If I have a URL (eg. http://www.foo.com/alink.pl?page=2), I want to determine if I am being redirected to another link. I'd also like to know the final URL (eg. http://www.foo.com/other_link.pl). Finally, I want to be able to do this in Perl and Groovy.
Well, I know nothing about either Perl or groovy, so I'll give you an another from an HTTP point of view, and you'll have to adapt.
Normally, you make an HTTP request, and you get back some HTML text along with a response code. The response code for Success is 200. Any response code in the 300 range is some form of a redirect.
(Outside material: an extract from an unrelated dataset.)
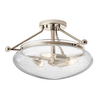 Lampa sufitowa szklana Belle QN-BELLE-SF-PN Quintiesse do jadalni nikiel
In Perl you can use LWP::Useragent for that. I guess the easiest way is to add a response_redirect
handler using add_handler
.
Referring to James's answer - sample HTTP session:
$ telnet www.google.com 80
HEAD / HTTP/1.1
HOST: www.google.com
HTTP/1.1 302 Found
Location: http://www.google.it/
Cache-Control: private
Content-Type: text/html; charset=UTF-8
Set-Cookie: ##############################
Date: Thu, 30 Oct 2008 20:03:36 GMT
Server: ####
Content-Length: 218
Using HEAD instead of GET you get only the header. "302" means a temporary redirection, "Location:" is where you are redirected to.
In Perl:
use LWP::UserAgent;
my $ua = LWP::UserAgent->new;
my $request = HTTP::Request->new( GET => 'http://google.com/' );
my $response = $ua->request($request);
if ( $response->is_success and $response->previous ) {
print $request->url, " redirected to ", $response->request->uri, "\n";
}
A quick & dirty groovy script to show the concepts -- Note, this is using java.net.HttpURLConnection
In order to detect the redirect, you have to use setFollowRedirects(false)
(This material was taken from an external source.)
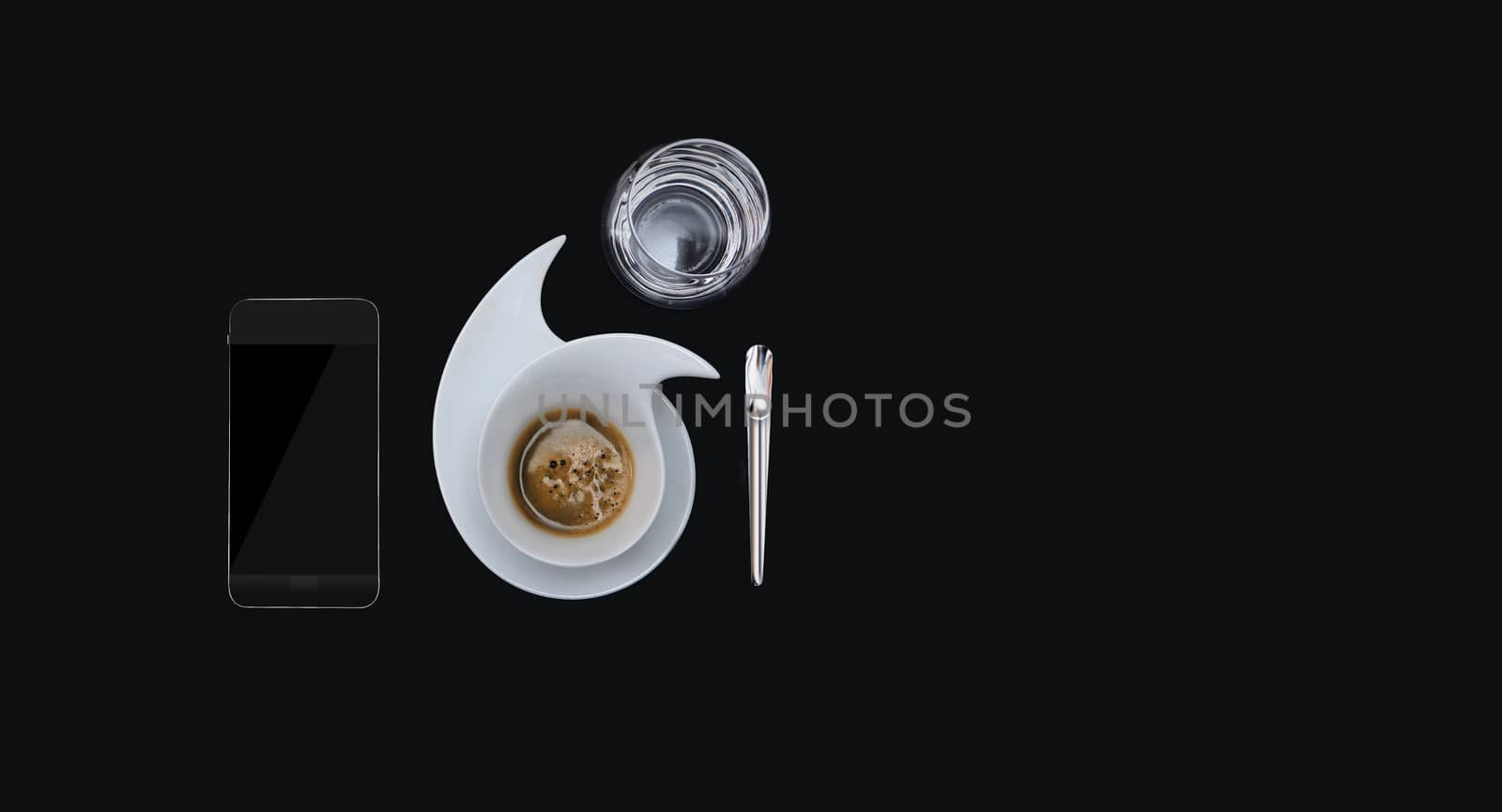 flat design coffee for with water on black background with a spoon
. Otherwise, you end up on the redirected page anyway with a responseCode
of 200. The downside is you then have to navigate the redirect yourself.
URL url = new URL ('http://google.com')
HttpURLConnection conn = url.openConnection()
conn.followRedirects = false
conn.requestMethod = 'HEAD'
println conn.responseCode
// Not ideal - should check response code too
if (conn.headerFields.'Location') {
println conn.headerFields.'Location'
}
301
["http://www.google.com/"]
I noticed Anivran's response works very well, except with 301 redirects. I was wondering if there was anyway to detect this in perl? For example Anivran's script will not detect www.clearapp.com redirecting to oracle.com.